Flutter + SwiftShader: HTML renderer is correct, CanvasKit is not
Chrome crashes 3×/test run on native GPU (Flutter CanvasKit + Windows GPU).
Fixed by --use-angle=swiftshader in browser.rs launch_with_mode().
What SwiftShader actually does to Flutter
| Flag combination | Flutter mode | Result |
|---|
| Native GPU (no flags) | CanvasKit | Works — but Chrome crashes 3×/run (GPU driver) |
--use-angle=swiftshader alone | HTML renderer | Chrome still crashes (~30s CDP timeout during Flutter JS init) |
--use-angle=swiftshader + --ignore-gpu-blocklist | CanvasKit attempted | ❌ All-black screen (CanvasKit fails on SwiftShader) |
--disable-gpu | HTML renderer | ✅ Stable — current approach |
Current approach: --disable-gpu (commit b2e6xxx):
- No GPU or WebGL at all → Flutter unconditionally uses HTML renderer
- No SwiftShader WebGL processing → no 30-second CDP event silence → no timeouts
--disable-gpu is the standard Puppeteer/Playwright CI flag
--use-angle=swiftshader was tried:
- Even without
--ignore-gpu-blocklist, Chrome timed out (~30s) during Flutter JS init
- SwiftShader still processes WebGL calls, causing headless_chrome's event loop to time out
- Removed
What this means for tests
With --disable-gpu (HTML renderer mode):
- Flutter renders as real HTML DOM — CSS selectors,
click, type, find all work
- Semantics tree is NOT available —
ax_find/ax_click will not work
- Use
screenshot_analyze for visual state, click/type/find for interaction
- Keep
browser_headless: false per-test (HTML renderer + visible window for CDP)
- Add
url_query: {flutter-web-renderer: html} to YAML as belt+suspenders
- The executor waits 5 s after
goto before first screenshot check (Flutter init time)
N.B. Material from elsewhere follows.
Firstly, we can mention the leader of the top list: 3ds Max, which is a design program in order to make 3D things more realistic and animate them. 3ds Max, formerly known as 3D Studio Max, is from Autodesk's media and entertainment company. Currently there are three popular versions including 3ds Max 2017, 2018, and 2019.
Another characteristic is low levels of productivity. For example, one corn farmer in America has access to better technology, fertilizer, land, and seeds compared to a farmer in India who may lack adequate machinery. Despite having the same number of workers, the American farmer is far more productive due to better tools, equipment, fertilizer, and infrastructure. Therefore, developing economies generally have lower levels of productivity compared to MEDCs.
Chrome recovery re-launches in wrong headless mode
with_tab() recovery used to call ensure_open_reusing() → default_headless()
(always true). Fixed by static TEST_DESIRED_HEADLESS: AtomicBool in browser.rs.
- Executor calls
crate::browser::set_test_headless_mode(want_headless) before ensure_open()
- Recovery calls
ensure_open(TEST_DESIRED_HEADLESS.load(...)) — not ensure_open_reusing()
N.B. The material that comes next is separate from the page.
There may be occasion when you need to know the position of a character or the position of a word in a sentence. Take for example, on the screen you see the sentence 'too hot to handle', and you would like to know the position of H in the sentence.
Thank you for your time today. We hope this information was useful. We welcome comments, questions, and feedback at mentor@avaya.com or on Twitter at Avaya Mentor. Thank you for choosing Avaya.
Black screen detection (is_all_black_screenshot)
Heuristic in executor.rs: if screenshot size_bytes < 8_000 → all-black/blank.
Real rendered pages ≥ 15 KB; all-black PNG ≈ 2 KB.
Two check points:
- After initial
goto — if black: close + reopen + re-navigate
- After every
screenshot/screenshot_analyze in ReAct loop — same recovery
- inject
"⚠️ 螢幕全黑...請重新執行 semantics bootstrap" into history
rendering_failure triage category
When triage.rs finds screenshot_path file < 8 KB, it immediately returns
RenderingFailure — no auto-fix triggered, no claude_session spawned.
This prevents wasting tokens fixing non-existent frontend bugs.
Category string: "rendering_failure" (serde snake_case).
Hash-only navigation hangs
tab.navigate_to(url).wait_until_navigated() waits for
Page.frameNavigated which Chrome does not emit for fragment
changes. browser::navigate auto-detects same-origin same-path
hash-only changes and uses location.hash = instead. Already done.
Perception layer — opt-in vision for Flutter Canvas (v0.4.3)
TestGoal.perception YAML field (text default / vision / auto)
controls how the ReAct loop observes the page before each LLM turn:
text — legacy path. Zero overhead (perceive() short-circuits).
Don't remove this branch casually; all existing YAML tests rely on it.
vision — perception::capture::screenshot_b64() + llm::call_vision
with build_prompt_vision (lean action list, 3-step history, 200-char
observations). Image is primary observation.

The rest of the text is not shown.